Background: Seizures and QTc prolongation are associated with citalopram poisoning; however, overdose experience with escitalopram is more limited.
Objectives: The goals of this study were to compare citalopram's vs. escitalopram's clinical effects in overdose, including the incidence of seizures.
Methods: A retrospective review was conducted for single-substance acute overdoses with citalopram and escitalopram, managed in hospitals, that were reported to six U.S. poison centers from 2002-2005.

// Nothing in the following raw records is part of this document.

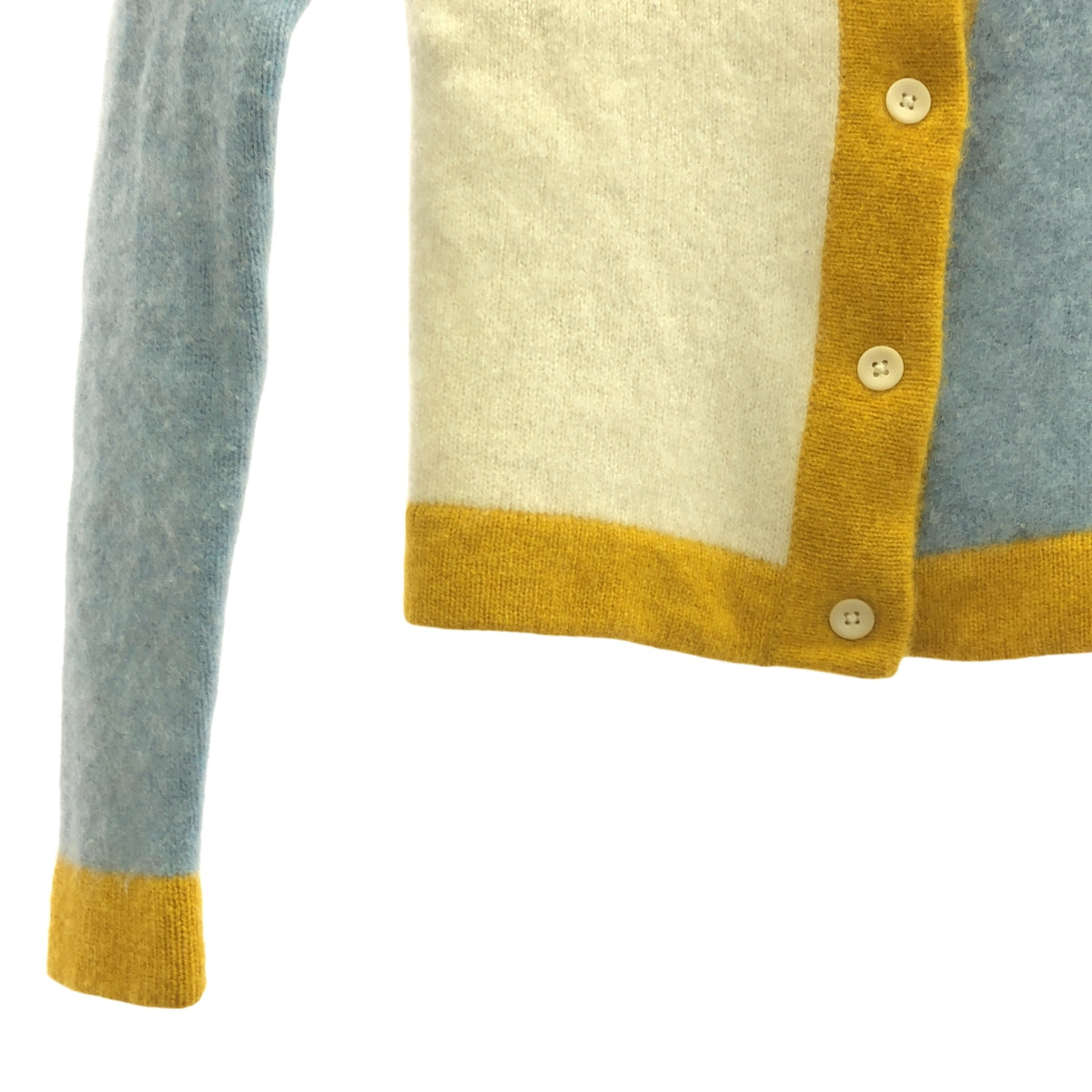 The Elder Statesman / ジエルダーステイツマン | 配色ニットカーディガン | XS | イエロー×ブルー×ホワイト | レディース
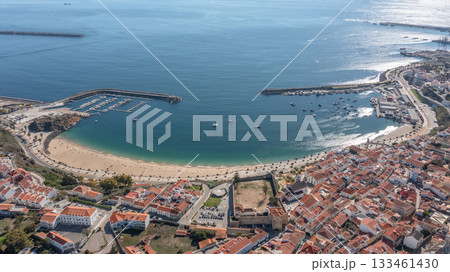 sines portugal. coastal scenic panorama, vivid aerial scene of tranquil beach area, highaltitude perspective showcasing serene sines cove with inviting waters 133461430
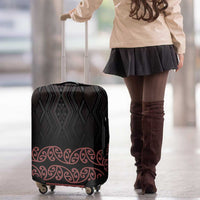 Maori Taniko Patterns Luggage Cover Brown Niho Taniwha Mix Paatiki Motifs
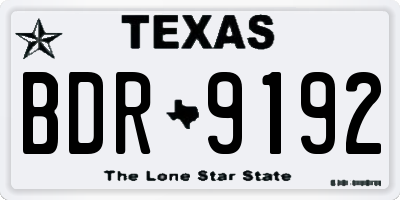 TX license plate BDR9192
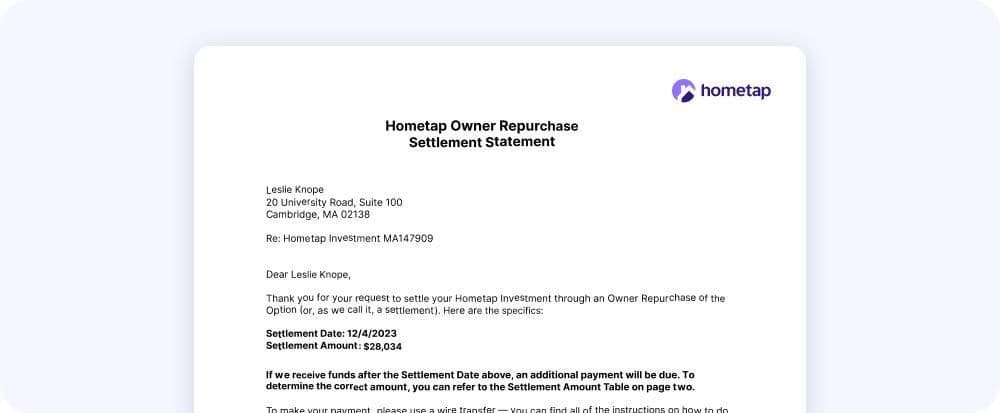 Sample settlement statement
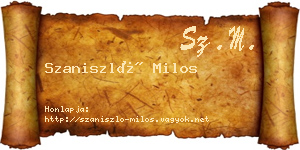 Szaniszló Milos névjegykártya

Results: There were 374 citalopram and 421 escitalopram overdose cases. Gender and ages were similar between the two, with 68-70% females and a median age of 20 years for citalopram and 18 years for escitalopram. Median dose by history was 310 mg for citalopram and 130 mg for escitalopram. More serious outcomes were associated with citalopram overdoses (p < 0.001). Most frequently reported clinical effects with citalopram and escitalopram were tachycardia, drowsiness, hypertension, and vomiting. Seizures (30 vs. 1, respectively, p < 0.001) and tremor (32 vs. 13, respectively, p = 0.001) were more common with citalopram. QTc prolongation occurred in 14 citalopram cases and 7 escitalopram cases (p = 0.109). There was an association between increasing dose and severity of outcome for citalopram (p < 0.001) and escitalopram (p = 0.011). In children < 6 years old, 12 of 66 citalopram and 5 of 57 escitalopram cases experienced toxicity, such as drowsiness, nausea/vomiting, and tachycardia. There were no seizures in this age group.
Conclusions: Escitalopram seems to be less toxic than citalopram after an acute overdose; seizures and tremors were more common with citalopram. Initial management of overdoses should include seizure precautions for citalopram and cardiac monitoring for both drugs.